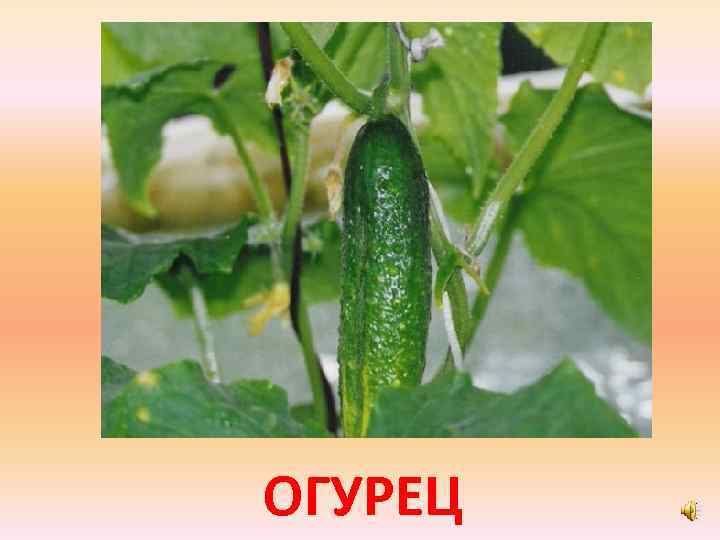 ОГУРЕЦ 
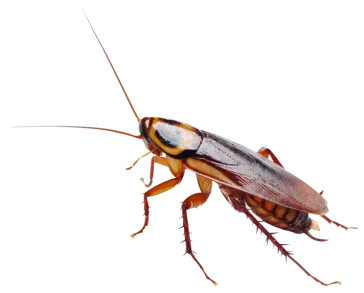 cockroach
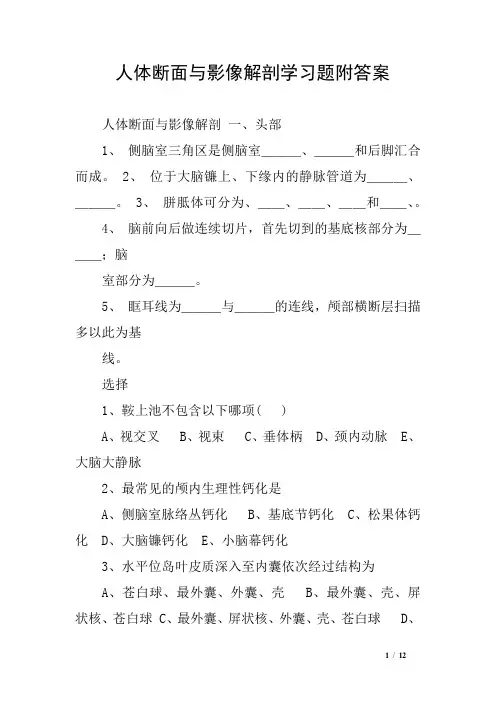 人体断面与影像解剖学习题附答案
- - - - - - -
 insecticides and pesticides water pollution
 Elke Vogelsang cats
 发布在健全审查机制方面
- - - - - - -
* [Task item]:
In the listing above, find the line with "insecticides and pesticides water pollution" and the line with "发布在健全审查机制方面", then reproduce both and every line between them exactly.

* [Completed exercise]:
 insecticides and pesticides water pollution
 Elke Vogelsang cats
 发布在健全审查机制方面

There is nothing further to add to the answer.